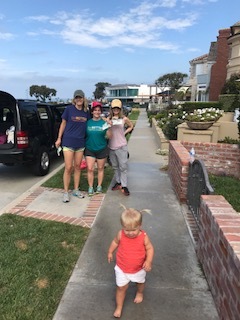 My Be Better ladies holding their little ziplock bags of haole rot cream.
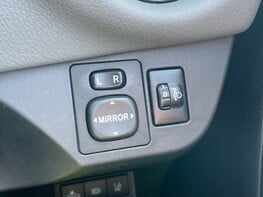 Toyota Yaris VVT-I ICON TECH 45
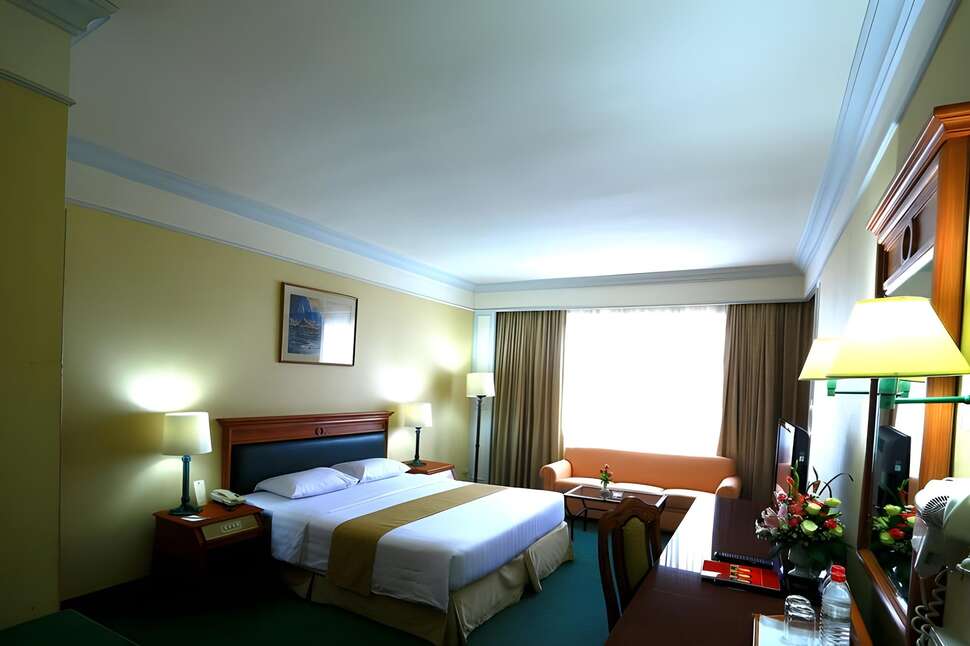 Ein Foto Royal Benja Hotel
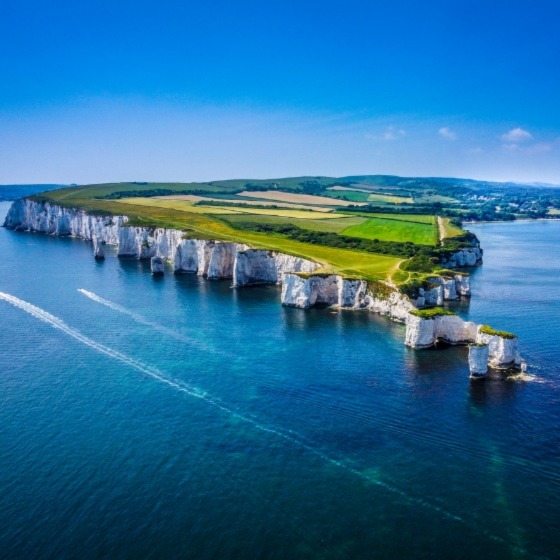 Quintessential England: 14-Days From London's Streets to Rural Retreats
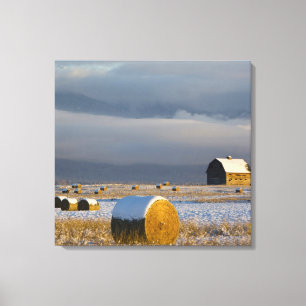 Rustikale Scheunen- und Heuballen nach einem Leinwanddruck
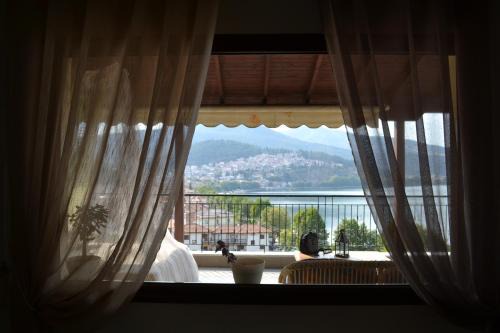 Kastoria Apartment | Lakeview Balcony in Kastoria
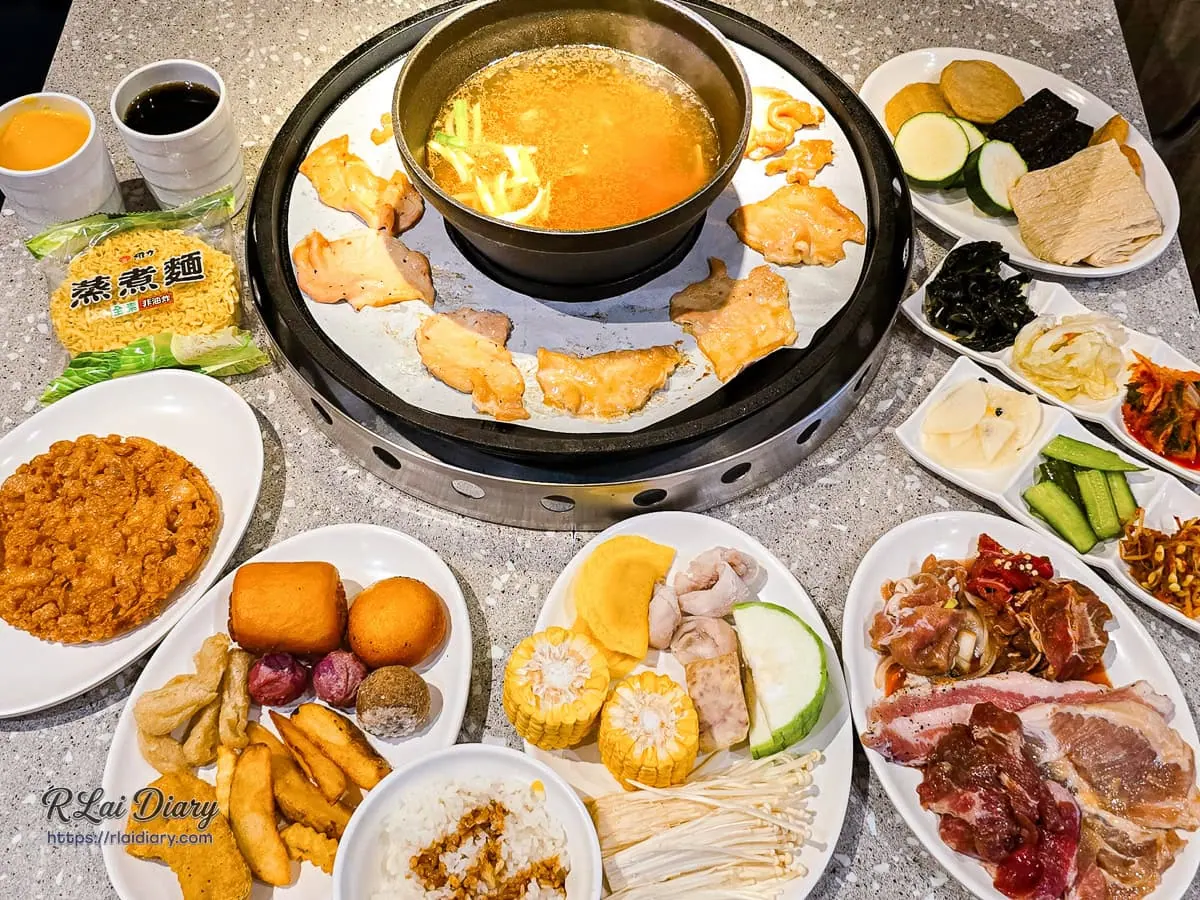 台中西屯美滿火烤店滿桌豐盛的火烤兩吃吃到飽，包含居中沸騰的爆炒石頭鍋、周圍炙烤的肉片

--

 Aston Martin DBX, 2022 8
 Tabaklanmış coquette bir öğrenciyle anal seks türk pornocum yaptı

==

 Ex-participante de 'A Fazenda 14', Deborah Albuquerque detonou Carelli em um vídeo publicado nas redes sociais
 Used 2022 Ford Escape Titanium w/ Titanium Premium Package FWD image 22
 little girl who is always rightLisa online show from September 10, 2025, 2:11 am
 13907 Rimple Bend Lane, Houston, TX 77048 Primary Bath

• **EXERCISE DIRECTIONS**
From the records above, transcribe only the stretch from the line with "My Be Better" through the line with "台中西屯美滿火烤店滿桌豐盛的", keeping both ends. Omit pictures.

• **ANSWER TO THE PROBLEM**
 My Be Better ladies holding their little ziplock bags of haole rot cream.
 Toyota Yaris VVT-I ICON TECH 45
 Ein Foto Royal Benja Hotel
 Quintessential England: 14-Days From London's Streets to Rural Retreats
 Rustikale Scheunen- und Heuballen nach einem Leinwanddruck
 Kastoria Apartment | Lakeview Balcony in Kastoria
 台中西屯美滿火烤店滿桌豐盛的火烤兩吃吃到飽，包含居中沸騰的爆炒石頭鍋、周圍炙烤的肉片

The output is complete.